Amerika Birleşik Devletleri'nde ait bir kurum olan Federal Ticaret Komisyonu (FTC), Volkswagen'in emisyon skandalı ile ilgili bazı belgeleri yok ettiğini neden göstererek soruşturmayı yeniden başlatmak istiyor.
Reuters'e göre FTC'nin Perşembe günü mahkemeye başvurarak Volkswagen AG'nin A.B.D. kolundan yeniden ifade alınmasını istedi.
FTC, bu konuyu mart ayından beridir araştırıyor. Kurum, ağustos ayında VW'den bir tanığın yazılı ifadesini aldı ve bu tanık 250 sorunun tamamını yanıtlayamadı. FTC, bir başka Volkswagen çalışanını sorgulamayı talep ediyor.
Volkswagen, Dieselgate ile alakalı olarak muhbirlere ve eyalet davalarına ait bazı belgeleri yok etmek ile suçlanıyor. Haziran ayında eski bilgi teknoloji çalışanı Daniel Donovan, kanıt yok etmeyi reddettiği için kovulduğunu iddia etmişti ancak Volkswagen bu durumda Donovan ile anlaşmaya varmıştı.
Bundan bir ay sonra üç A.B.D. eyaleti, mühendislik bölümünden en az 8 kişinin yapmamaları yönünde emir alana kadar Ağustos 2015'e ait suçlama içeren kanıt yok ettiğini iddia ederek markaya suç duyurusunda bulunmuştu.
2015'in eylül ayına geldiğimizde Volkswagen, dizel motorlu araçlarda hileli yazılıma sahip cihaz kullandığını ve otomobillerin yasal sınırdan 40 kata kadar daha çok kirletici salınımı yaptığını kabul etti. Skandalın ortaya çıktığı A.B.D.'de 475,000 araç etkilenirken bu rakam dünya çapında 11 milyonu buluyor.
Volkswagen, sonuç olarak 16.5 milyar dolar (yaklaşık 54.34 milyar TL) ödemeyi kabul etti. Bu rakamın içinde avukat masrafları, çevreci enerji çalışmalarına yapılan ödemeler ile bayilere ve eyaletlere ödenen telafi ücretleri yer alıyor. Bunun 10 milyar dolar (yaklaşık 32.94 milyar TL) civarında bir bölümü ise araç sahiplerine telafi programına ayırılacak. VW, geçtiğimiz hafta yaptığı açıklama sonucunda kayıt yaptıran kullanıcıların %78'inin araçlarını geri satma seçeneğini tercih ettiğini belirtti.

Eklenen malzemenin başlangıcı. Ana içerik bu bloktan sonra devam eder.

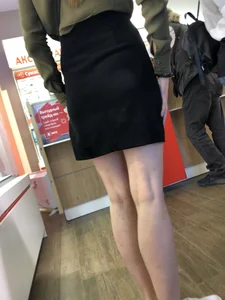 Girl with Pale Skinny Legs in a Skirt Candid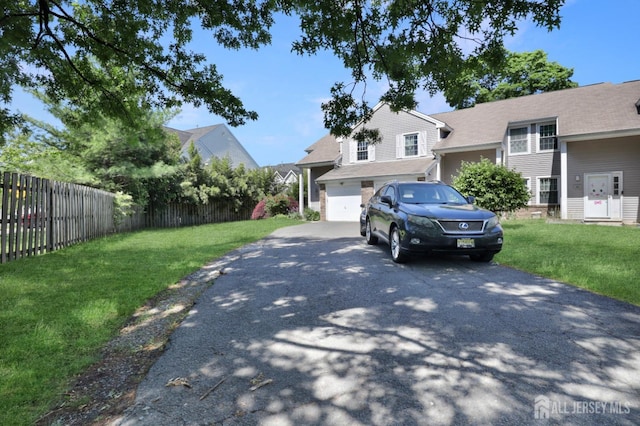 view of front facade with asphalt driveway and an attached garage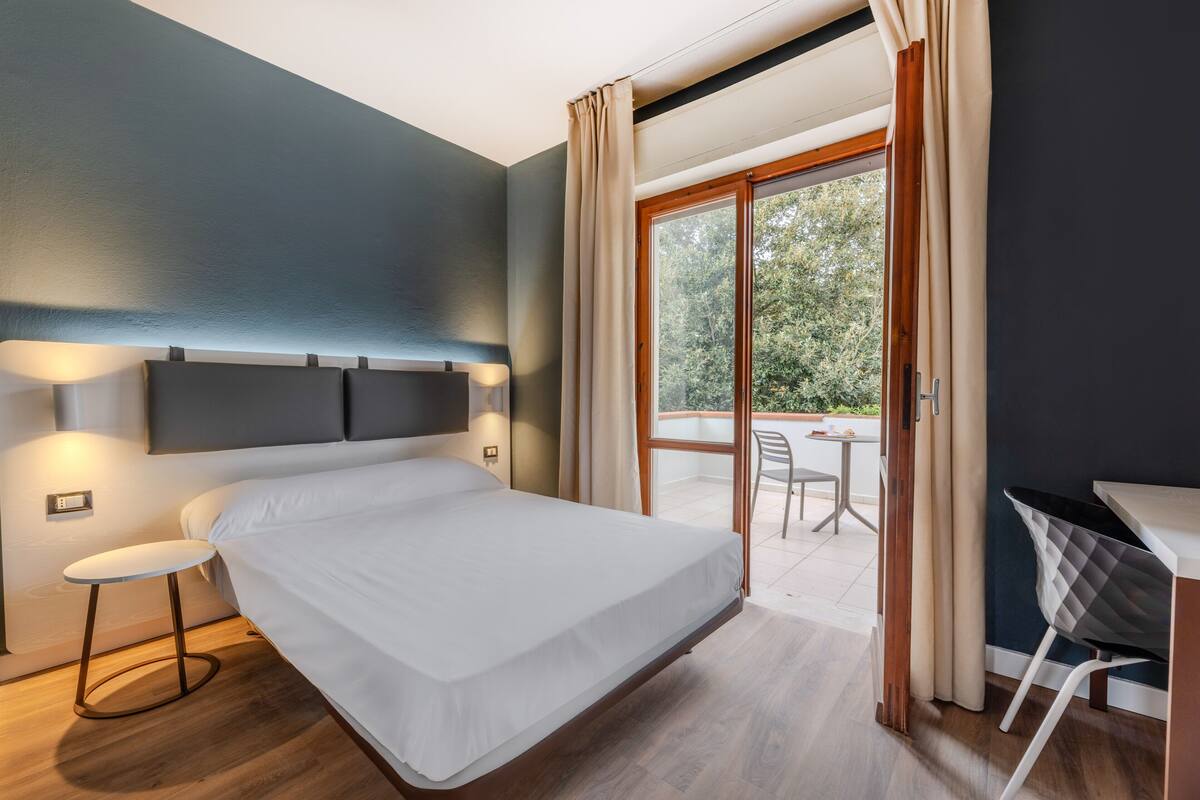 Una habitación de hotel moderna con una cama grande, un escritorio y un balcón con mobiliario exterior.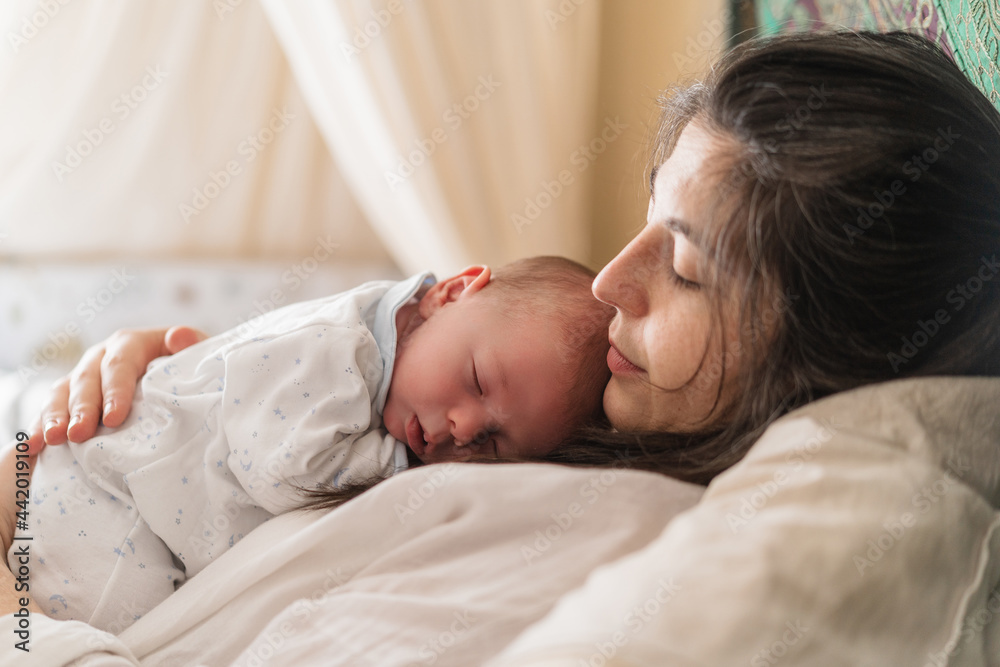 Mother cuddling sleeping newborn baby on bed Mother cuddling sleeping newborn baby on bed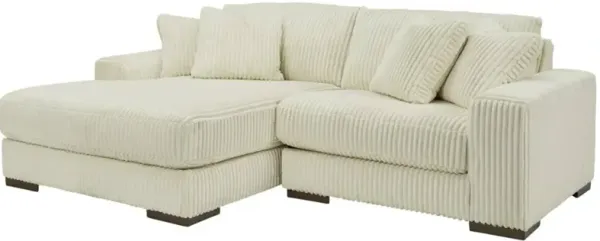 Signature Design by Ashley® Lindyn 2-Piece Ivory Left Arm Facing Sectional and Chaise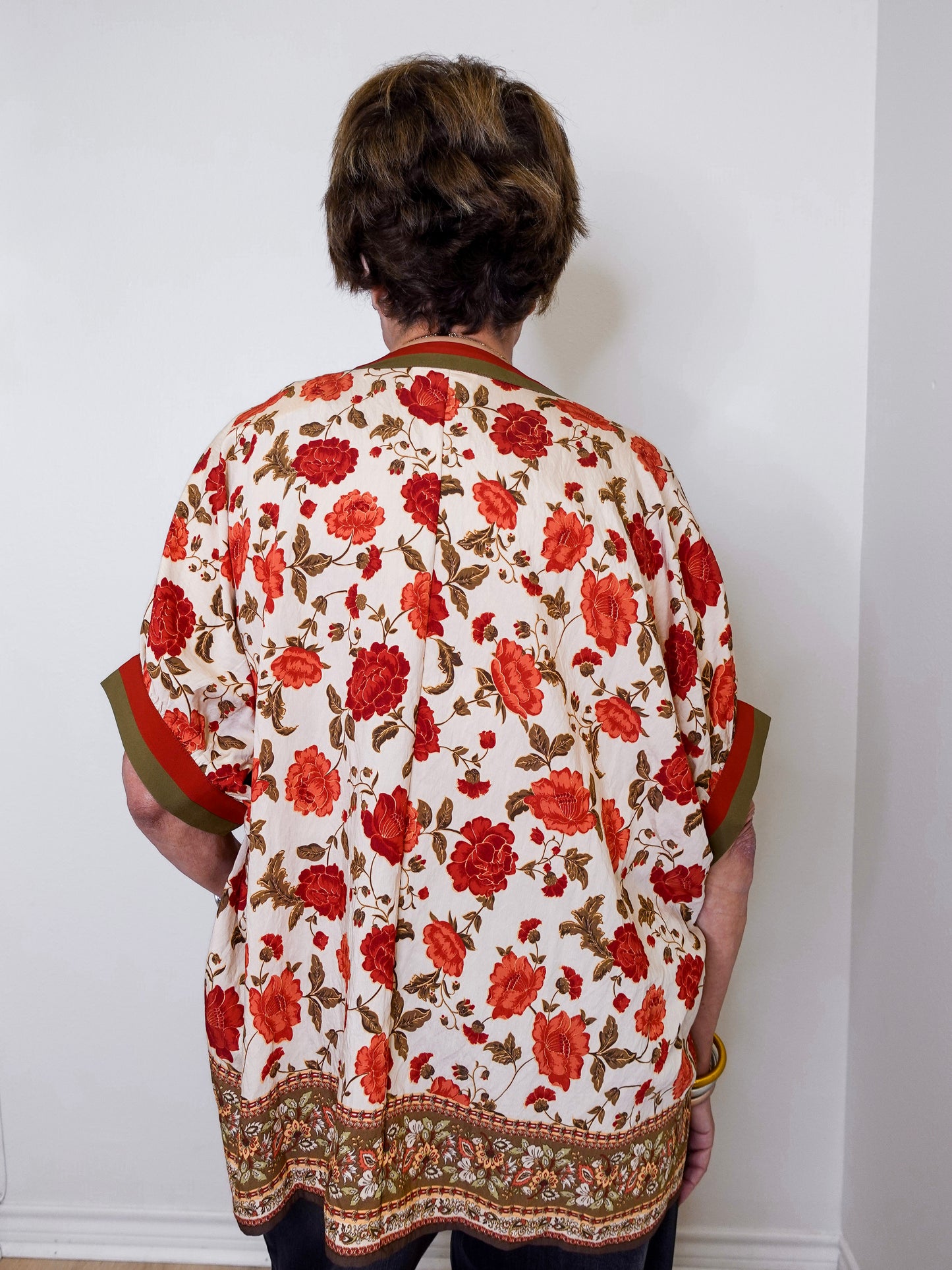 women wearing a floral print blouse against a white wall.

Cuma günü yayınlanan bir açıklamada VW sözcüsü Jeannine Ginivan, firmanın "A.B.D. Adalet Bakanlığı ve diğer hükûmet ajanslarıyla birlikte çalışmaya devam ederek müşterileriyle arasını düzeltmeye ve adil bir çözüm bulmaya çalıştığını" belirtti.